* What you will do
Skip pictures in the listing below; copy exactly the lines from the one with "Sexy Shuri Maihama plays with vegetables" through the one with "Charming renovated 4.5-room", inclusive.

* Dataset entries
○ ○ ○ ○ ○ ○ ○

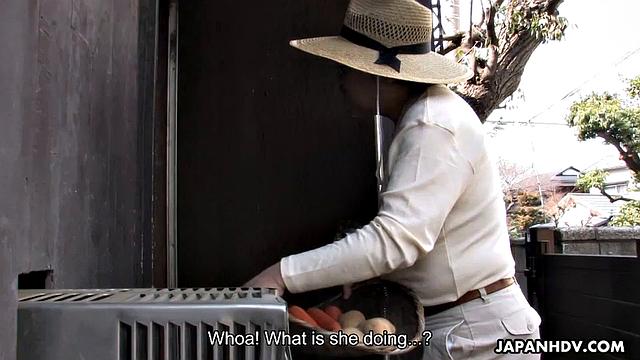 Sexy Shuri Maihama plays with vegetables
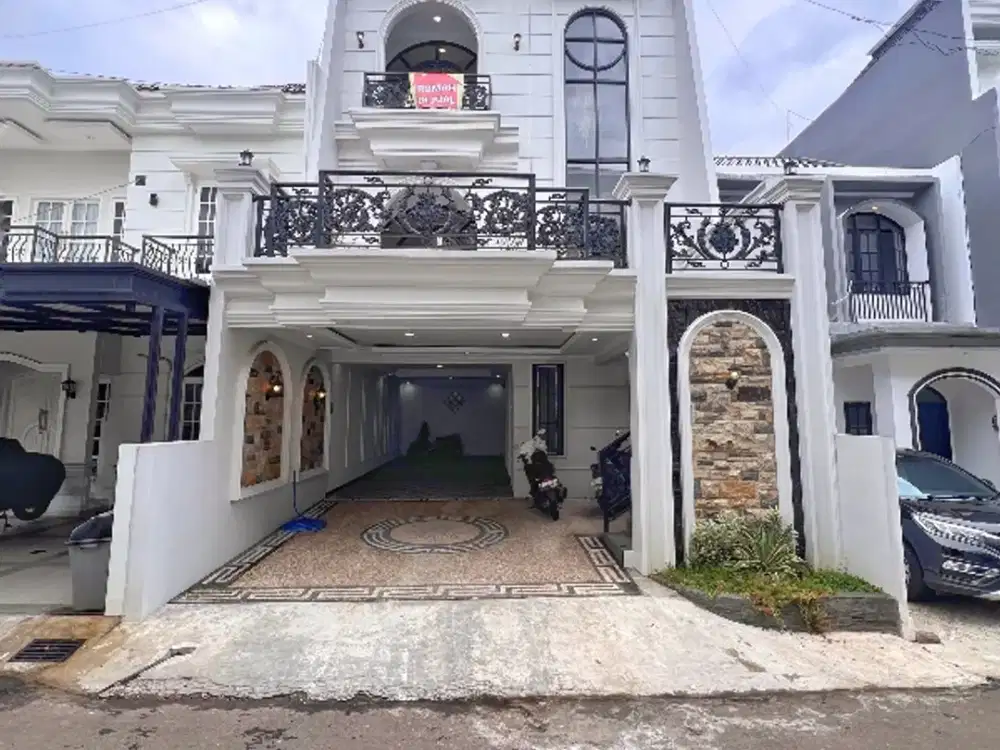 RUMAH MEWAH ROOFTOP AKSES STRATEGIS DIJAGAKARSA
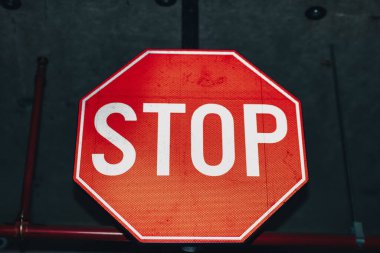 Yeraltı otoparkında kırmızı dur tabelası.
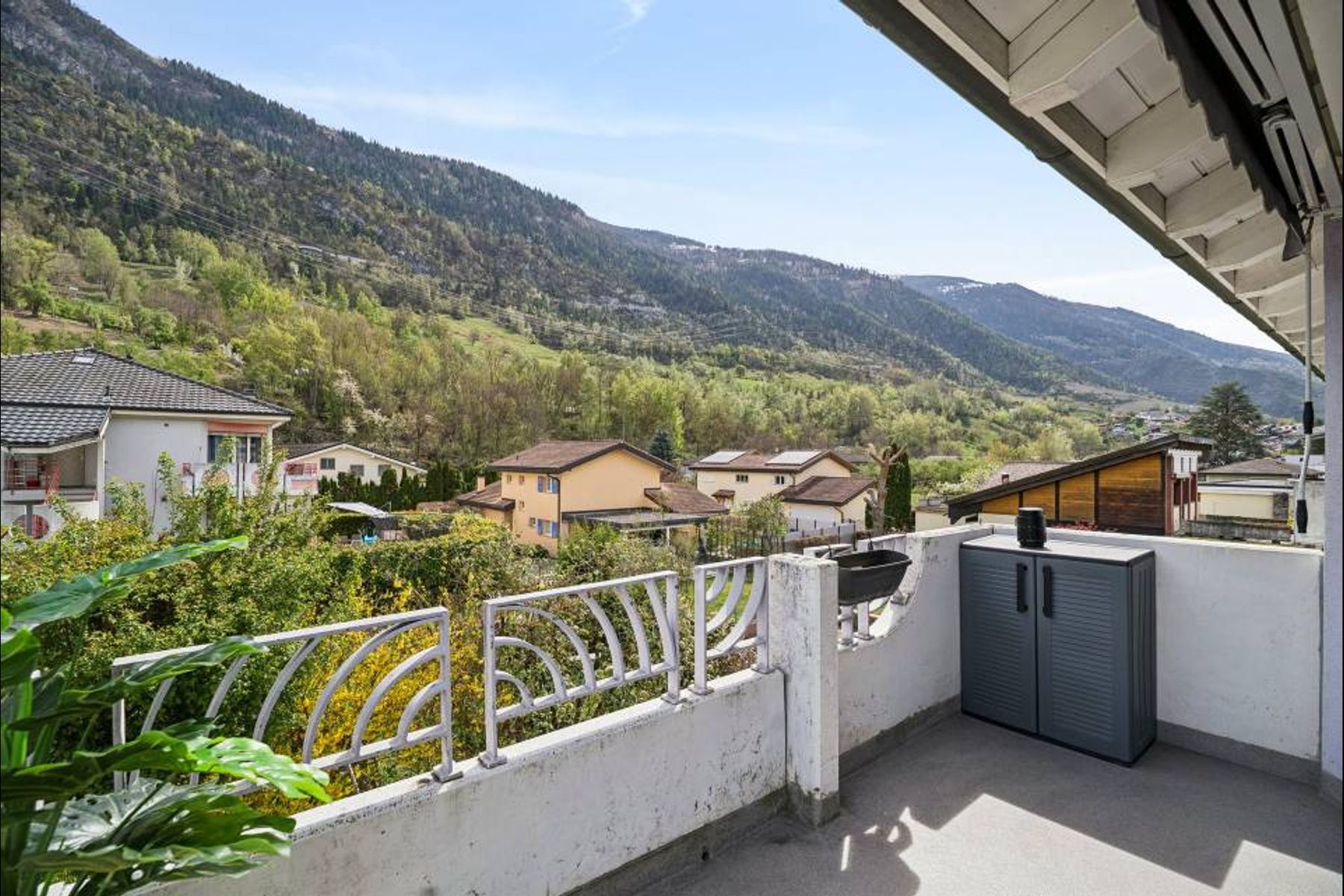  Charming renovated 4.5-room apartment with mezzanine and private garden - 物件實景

○ ○ ○ ○ ○ ○ ○

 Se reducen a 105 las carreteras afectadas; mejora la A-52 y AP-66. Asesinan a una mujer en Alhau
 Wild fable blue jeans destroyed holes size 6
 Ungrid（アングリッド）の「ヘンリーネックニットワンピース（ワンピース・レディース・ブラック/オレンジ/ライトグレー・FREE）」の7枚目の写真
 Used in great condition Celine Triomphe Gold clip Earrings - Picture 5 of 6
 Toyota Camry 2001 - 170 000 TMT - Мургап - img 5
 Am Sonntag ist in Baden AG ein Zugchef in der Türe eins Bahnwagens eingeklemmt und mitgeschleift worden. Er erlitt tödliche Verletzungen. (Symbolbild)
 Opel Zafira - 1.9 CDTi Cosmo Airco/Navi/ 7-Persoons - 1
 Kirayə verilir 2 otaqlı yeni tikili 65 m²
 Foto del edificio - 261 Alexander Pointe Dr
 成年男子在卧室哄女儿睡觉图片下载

○ ○ ○ ○ ○ ○ ○

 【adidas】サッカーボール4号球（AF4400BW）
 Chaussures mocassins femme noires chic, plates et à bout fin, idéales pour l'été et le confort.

○ ○ ○ ○ ○ ○ ○

* Result of this task
 Sexy Shuri Maihama plays with vegetables
 RUMAH MEWAH ROOFTOP AKSES STRATEGIS DIJAGAKARSA
 Yeraltı otoparkında kırmızı dur tabelası.
  Charming renovated 4.5-room apartment with mezzanine and private garden - 物件實景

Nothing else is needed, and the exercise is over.